(Records from a collection)
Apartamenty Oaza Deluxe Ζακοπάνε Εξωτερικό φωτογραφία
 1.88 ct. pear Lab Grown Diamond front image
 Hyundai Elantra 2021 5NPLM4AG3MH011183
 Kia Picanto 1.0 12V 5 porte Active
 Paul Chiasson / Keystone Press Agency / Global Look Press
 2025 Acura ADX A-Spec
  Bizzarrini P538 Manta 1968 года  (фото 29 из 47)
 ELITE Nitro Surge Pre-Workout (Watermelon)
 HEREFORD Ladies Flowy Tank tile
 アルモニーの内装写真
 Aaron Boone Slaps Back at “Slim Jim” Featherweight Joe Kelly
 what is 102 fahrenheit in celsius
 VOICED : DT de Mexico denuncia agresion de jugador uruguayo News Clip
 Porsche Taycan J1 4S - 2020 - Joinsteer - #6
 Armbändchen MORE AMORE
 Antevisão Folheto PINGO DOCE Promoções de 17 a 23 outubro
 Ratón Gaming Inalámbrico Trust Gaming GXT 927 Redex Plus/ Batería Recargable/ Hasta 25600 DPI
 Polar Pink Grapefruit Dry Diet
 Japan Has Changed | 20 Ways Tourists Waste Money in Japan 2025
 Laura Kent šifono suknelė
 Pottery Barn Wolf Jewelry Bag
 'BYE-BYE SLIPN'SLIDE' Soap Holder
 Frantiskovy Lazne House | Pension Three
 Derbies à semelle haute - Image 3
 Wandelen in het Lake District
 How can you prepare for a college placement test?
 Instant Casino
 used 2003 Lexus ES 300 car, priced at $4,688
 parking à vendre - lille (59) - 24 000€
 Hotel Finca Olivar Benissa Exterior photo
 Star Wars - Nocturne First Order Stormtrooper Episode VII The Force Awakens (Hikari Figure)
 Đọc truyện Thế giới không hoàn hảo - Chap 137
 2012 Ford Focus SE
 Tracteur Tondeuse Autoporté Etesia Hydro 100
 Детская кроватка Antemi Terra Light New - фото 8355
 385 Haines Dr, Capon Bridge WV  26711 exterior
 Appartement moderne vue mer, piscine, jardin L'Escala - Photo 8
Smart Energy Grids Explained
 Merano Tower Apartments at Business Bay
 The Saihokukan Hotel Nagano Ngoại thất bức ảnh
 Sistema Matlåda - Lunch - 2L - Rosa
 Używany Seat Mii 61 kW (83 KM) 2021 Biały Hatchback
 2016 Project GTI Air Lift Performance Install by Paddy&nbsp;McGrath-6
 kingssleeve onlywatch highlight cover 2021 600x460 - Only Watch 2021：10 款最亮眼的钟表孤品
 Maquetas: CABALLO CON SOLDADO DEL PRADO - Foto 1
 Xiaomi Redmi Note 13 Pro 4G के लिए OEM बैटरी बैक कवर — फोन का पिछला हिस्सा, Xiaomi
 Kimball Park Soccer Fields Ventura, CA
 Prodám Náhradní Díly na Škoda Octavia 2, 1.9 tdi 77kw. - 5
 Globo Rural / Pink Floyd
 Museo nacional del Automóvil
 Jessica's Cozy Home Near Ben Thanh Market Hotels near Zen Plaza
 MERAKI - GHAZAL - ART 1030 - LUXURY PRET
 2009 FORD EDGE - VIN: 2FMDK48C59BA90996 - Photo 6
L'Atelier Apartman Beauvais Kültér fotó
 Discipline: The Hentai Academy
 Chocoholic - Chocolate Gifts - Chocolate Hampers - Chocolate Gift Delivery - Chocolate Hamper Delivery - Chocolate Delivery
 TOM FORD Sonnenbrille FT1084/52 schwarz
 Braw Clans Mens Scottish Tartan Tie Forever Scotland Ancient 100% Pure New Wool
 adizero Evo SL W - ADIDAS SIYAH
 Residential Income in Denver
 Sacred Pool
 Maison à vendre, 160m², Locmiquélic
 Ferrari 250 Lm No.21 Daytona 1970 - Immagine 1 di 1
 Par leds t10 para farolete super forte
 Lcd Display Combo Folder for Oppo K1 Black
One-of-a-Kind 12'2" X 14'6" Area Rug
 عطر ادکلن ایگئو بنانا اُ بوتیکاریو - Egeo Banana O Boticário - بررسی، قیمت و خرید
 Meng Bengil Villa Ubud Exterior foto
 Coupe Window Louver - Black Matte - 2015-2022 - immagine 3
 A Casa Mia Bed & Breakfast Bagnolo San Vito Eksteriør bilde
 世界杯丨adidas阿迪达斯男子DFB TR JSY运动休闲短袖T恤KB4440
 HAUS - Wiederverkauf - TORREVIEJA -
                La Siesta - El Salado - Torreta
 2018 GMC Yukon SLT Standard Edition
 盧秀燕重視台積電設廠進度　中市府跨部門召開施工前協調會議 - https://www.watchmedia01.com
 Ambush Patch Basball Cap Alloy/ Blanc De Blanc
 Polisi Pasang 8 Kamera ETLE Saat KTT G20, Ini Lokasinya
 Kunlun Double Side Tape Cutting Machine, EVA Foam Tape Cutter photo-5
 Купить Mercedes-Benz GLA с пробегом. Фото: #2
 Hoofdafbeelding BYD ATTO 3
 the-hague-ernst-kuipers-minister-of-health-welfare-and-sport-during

> **Goal of the exercise**
Out of the data above, set down the lines from the one with "Polar Pink Grapefruit Dry Diet" to the one with "Merano Tower Apartments at Business Bay", both included, exactly as written and with no additions.

> **Your response**
 Polar Pink Grapefruit Dry Diet
 Japan Has Changed | 20 Ways Tourists Waste Money in Japan 2025
 Laura Kent šifono suknelė
 Pottery Barn Wolf Jewelry Bag
 'BYE-BYE SLIPN'SLIDE' Soap Holder
 Frantiskovy Lazne House | Pension Three
 Derbies à semelle haute - Image 3
 Wandelen in het Lake District
 How can you prepare for a college placement test?
 Instant Casino
 used 2003 Lexus ES 300 car, priced at $4,688
 parking à vendre - lille (59) - 24 000€
 Hotel Finca Olivar Benissa Exterior photo
 Star Wars - Nocturne First Order Stormtrooper Episode VII The Force Awakens (Hikari Figure)
 Đọc truyện Thế giới không hoàn hảo - Chap 137
 2012 Ford Focus SE
 Tracteur Tondeuse Autoporté Etesia Hydro 100
 Детская кроватка Antemi Terra Light New - фото 8355
 385 Haines Dr, Capon Bridge WV  26711 exterior
 Appartement moderne vue mer, piscine, jardin L'Escala - Photo 8
Smart Energy Grids Explained
 Merano Tower Apartments at Business Bay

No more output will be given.